=== Begin Enclosure ===

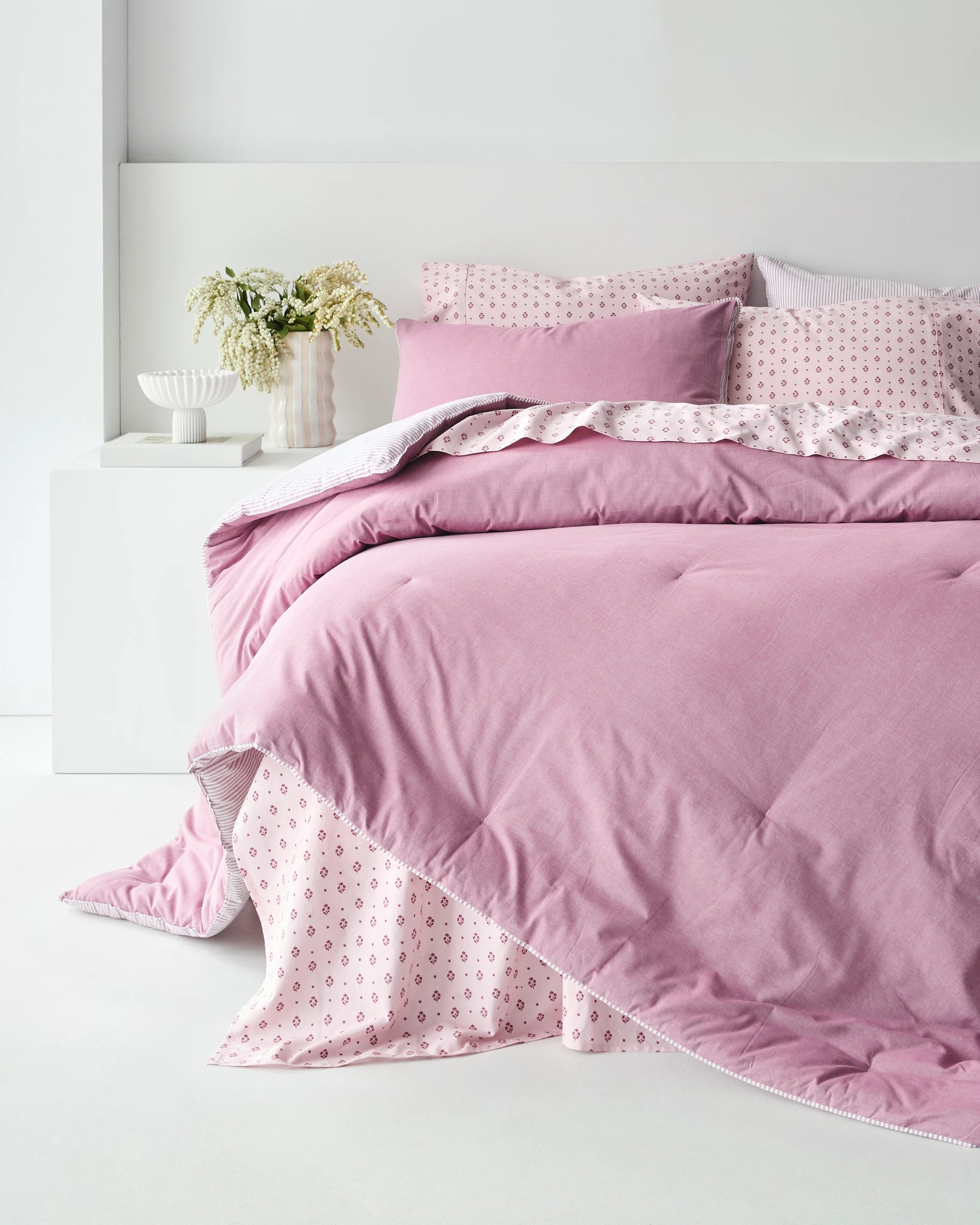 2 Target Hampton Comforter Set - King Bed - Pink, 2 of 10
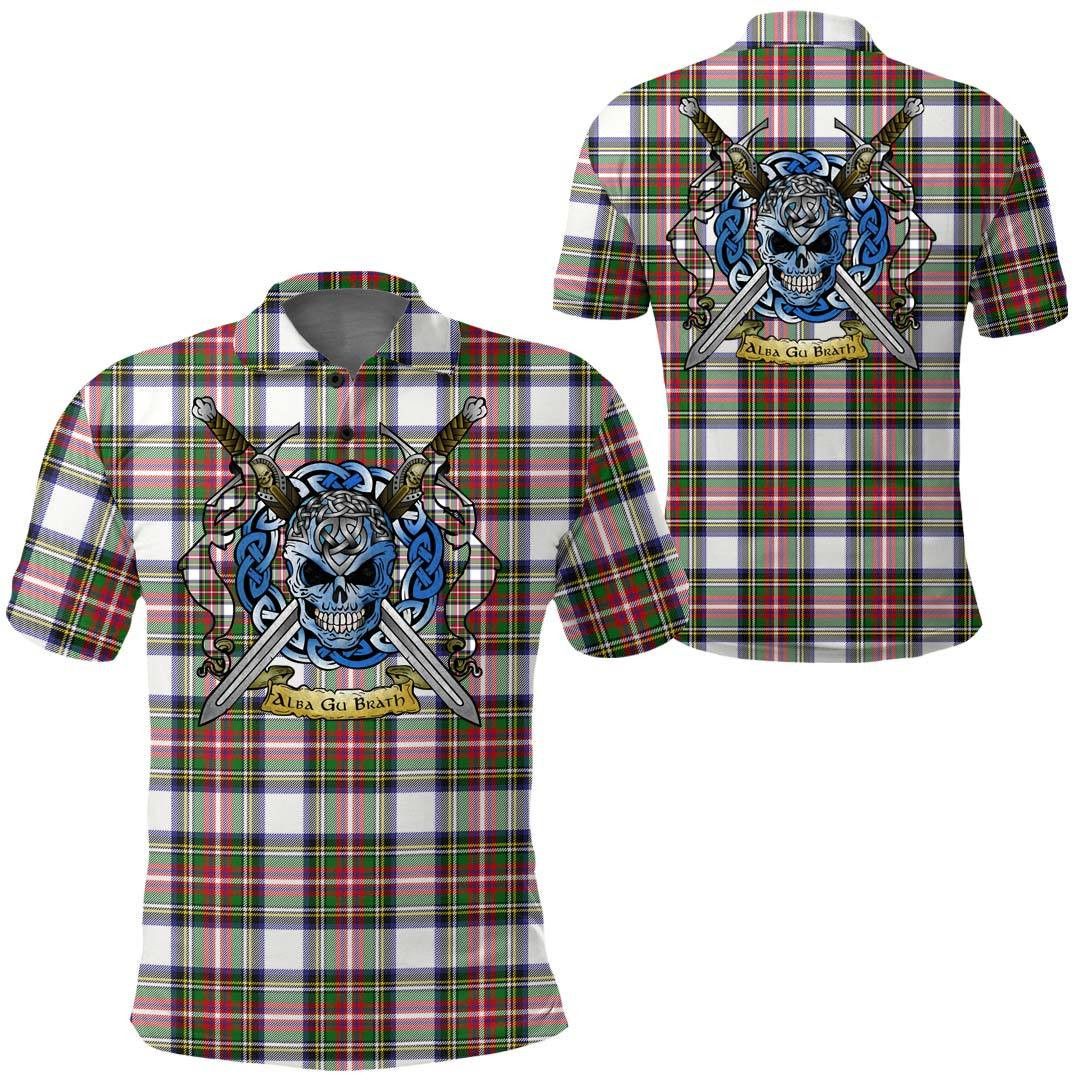 Clothing - Stewart Dress Modern Tartan Polo Shirt Celtic Scottish Warrior - Golf Shirt A7 Clothing - Stewart Dress Modern Tartan Polo Shirt Celtic Scottish Warrior - Golf Shirt A7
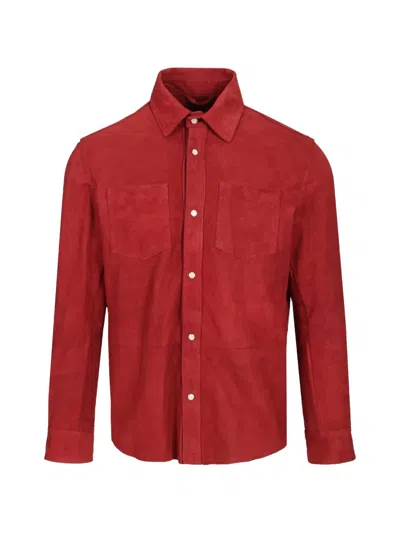 Barba Napoli Pocket Jacket In Red
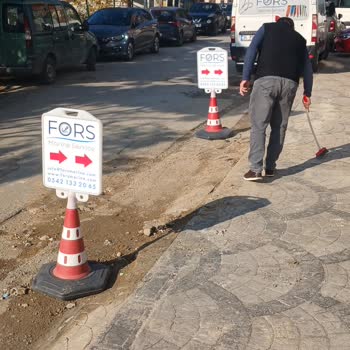 Tuzla'da Esnafın Yol Çilesi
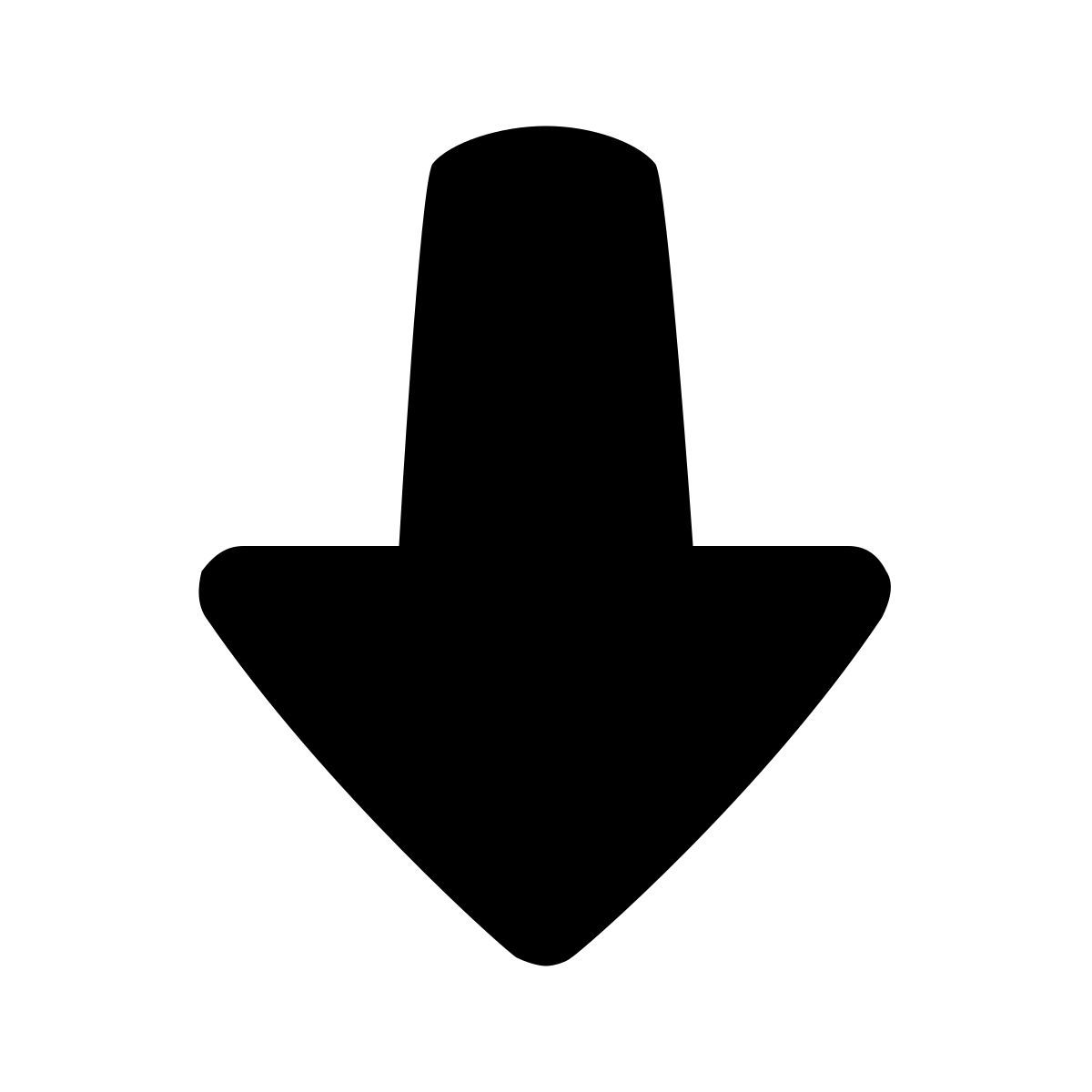 windows metro style abajo icon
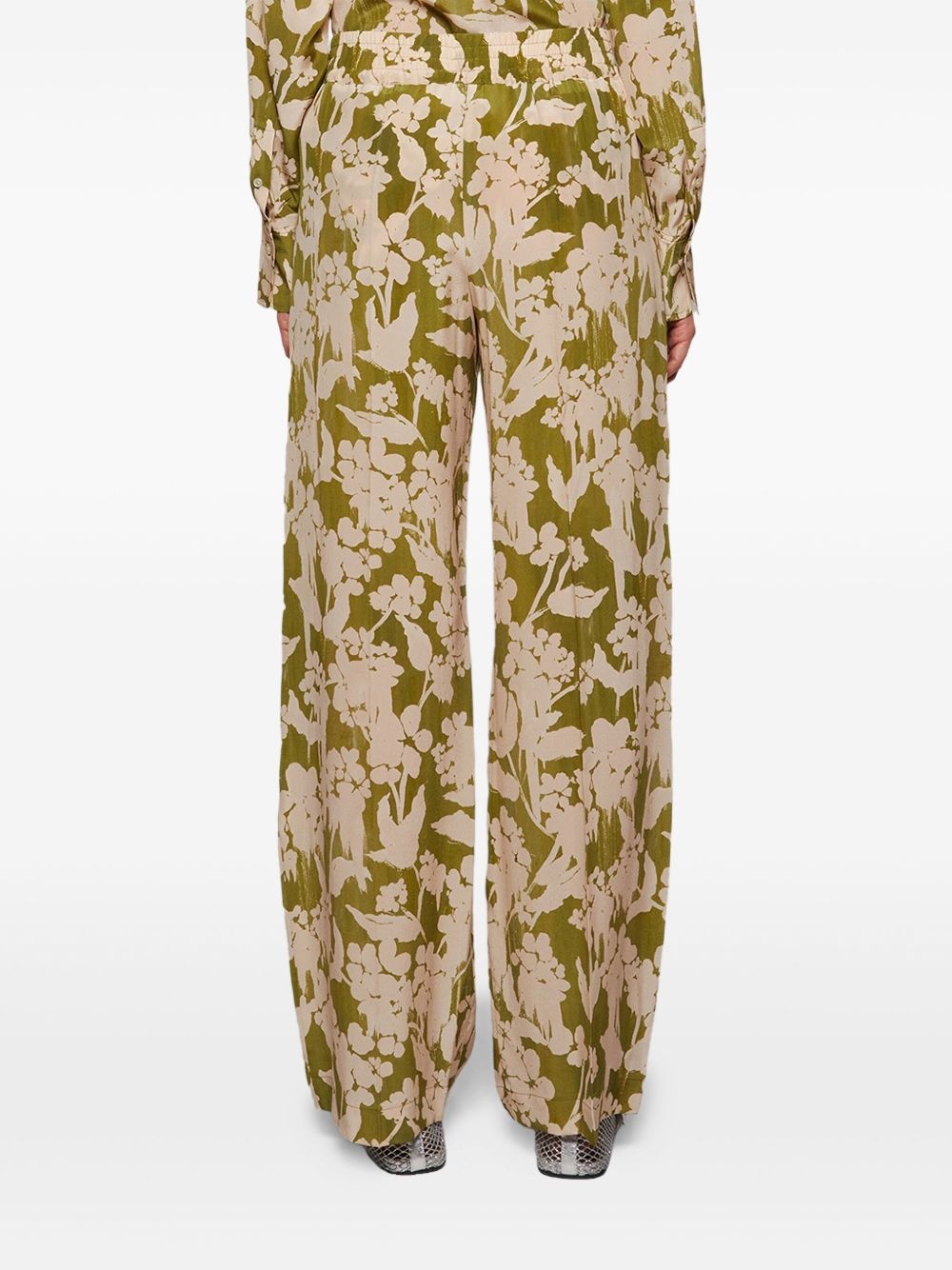 floral-print trousers - 5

=== End Enclosure ===

Work to complete — Drop every picture, then write out the remaining entries above exactly as they appear.

Answer section —
 2 Target Hampton Comforter Set - King Bed - Pink, 2 of 10
 Clothing - Stewart Dress Modern Tartan Polo Shirt Celtic Scottish Warrior - Golf Shirt A7 Clothing - Stewart Dress Modern Tartan Polo Shirt Celtic Scottish Warrior - Golf Shirt A7
 Barba Napoli Pocket Jacket In Red
 Tuzla'da Esnafın Yol Çilesi
 windows metro style abajo icon
 floral-print trousers - 5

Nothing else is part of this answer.